Constraining initial-plan desires

Agile says responding to change is more valuable than following a plan. If the feedback (data) produced by completed iterations signals we won't be able to meet all the requirements in time, it means our initial plan will likely fail.

If we constrain the desire we have to forge ahead with our initial plan, it enables project managers to respond to iteration feedback early enough. They'll then have enough time to 'turn the knobs' of the iron triangle (tweak the plan) to drive the project to the best possible outcome.

Daily standup

The daily standup enables a team to quickly assess their progress and give feedback to those in attendance. Constraining it to 15 minutes max enables dynamic and productive feedback. It’s a standup, not a sit-down, after all.

Kanban boards

Kanban boards can help us visualise and optimise our workflow. The WIP limits on columns constrain the number of stories done in each. But it enables us to focus and identify bottlenecks quickly. As a result, we'll be able to complete more stories. It’s better to complete 80% of the stories in an iteration than 80% of each.

Extreme Programming (XP)

I love XP! It's my favourite Agile process. As a tech lead, I've relied on its practices to make our engineering productive.
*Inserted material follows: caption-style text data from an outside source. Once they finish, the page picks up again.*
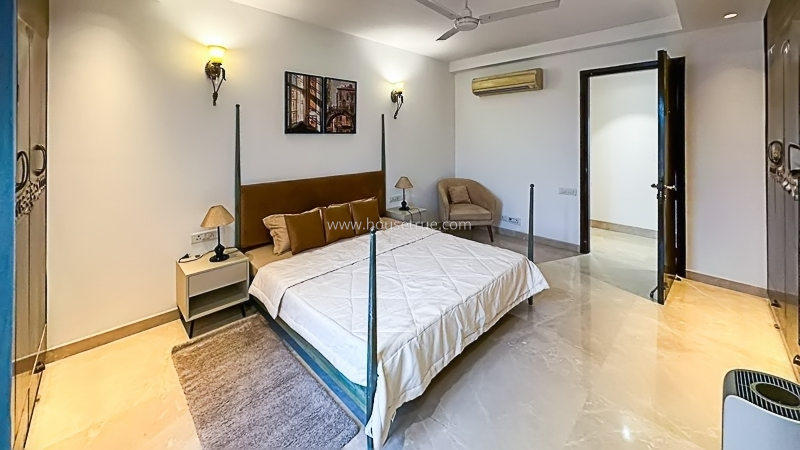 3 BHK Builder Floor For Rent in Defence Colony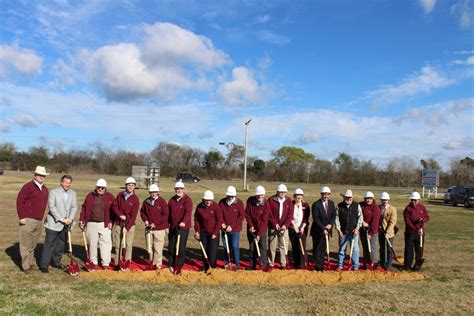 flnb breaks ground   branch bluebonnet news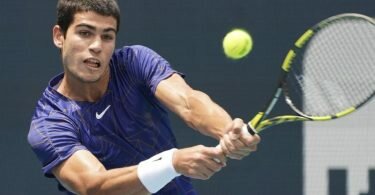Carlos Alcaraz holte sich beim Masters in Miami den Titel. Foto: Wilfredo Lee/AP/dpa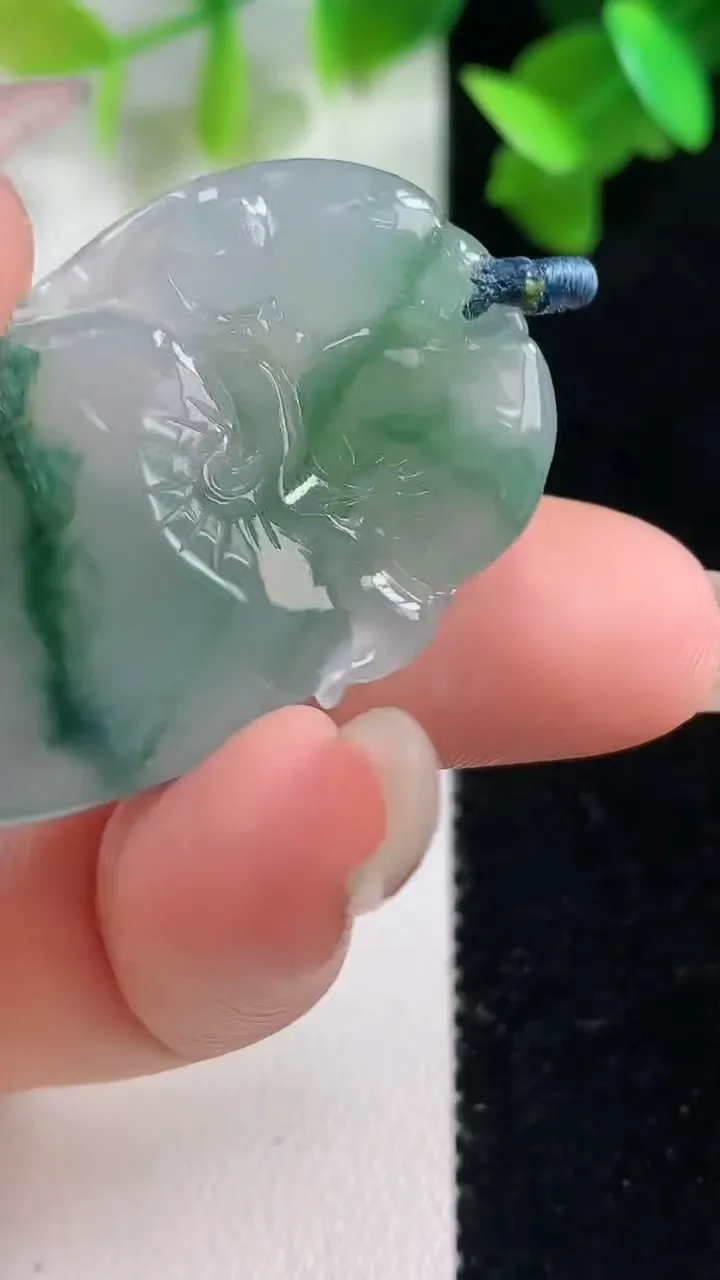 天然A货翡翠冰种飘花寿桃吊坠，尺寸40-23-6.5，重量:12.24g
10月28日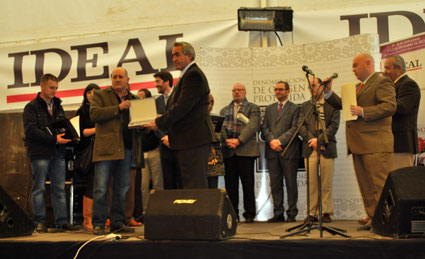 Juan Miranda recoge el premio a la excelencia otorgado al Ventorro en la V Muestra de Vinos de Granada 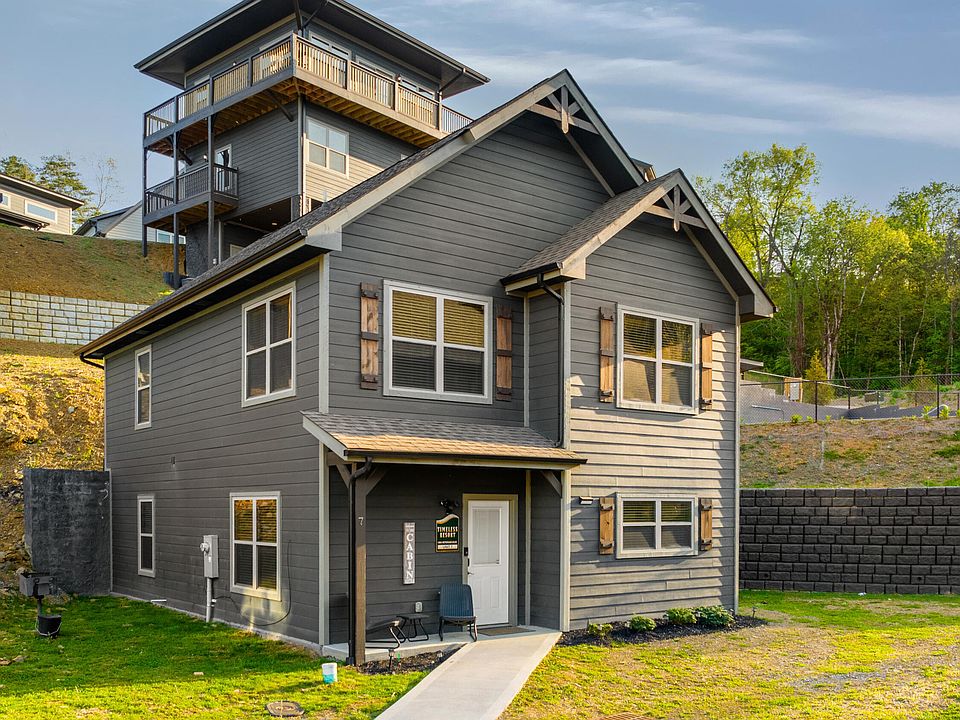 1st image of 1654 Veterans Blvd #7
XP's Circle of Life depicts these practices in a memorable way:

XP Circle of Life

Pair Programming

Pair Programming constrains us from always coding alone. But it enables our developers to have context of each other's work, promotes collaboration, and bakes peer-reviewing into the coding process.

Test-Driven Development (TDD)

TDD constrain us such that unit tests must be written before the functionality. But it enables us to know if our code still works right after we've changed it. And to write more decoupled code. Because we have to decouple the code to make it easy to test.

Refactoring

Refactoring (a là the Campground rule) constrains us from just writing new code by requiring us to continuously make existing code (even if our peers wrote it) a little better. This enables our codebase to stay clean.

Simple Design

Most developers seem inclined to over-engineer solutions just 'in case' unnecessary parts are needed in the future. Simple Design constrains this inclination to enable sophisticated solutions and waste reduction. YAGNI!

Coding Standard

A coding standard constrains us from coding however we want but enables developers to understand each others' code quickly.

Sustainable Pace

A software project is a marathon, not a sprint. Sustainable Pace constrains how often we work overtime to prevent us from burning out. This enables us to stay productive in the long run.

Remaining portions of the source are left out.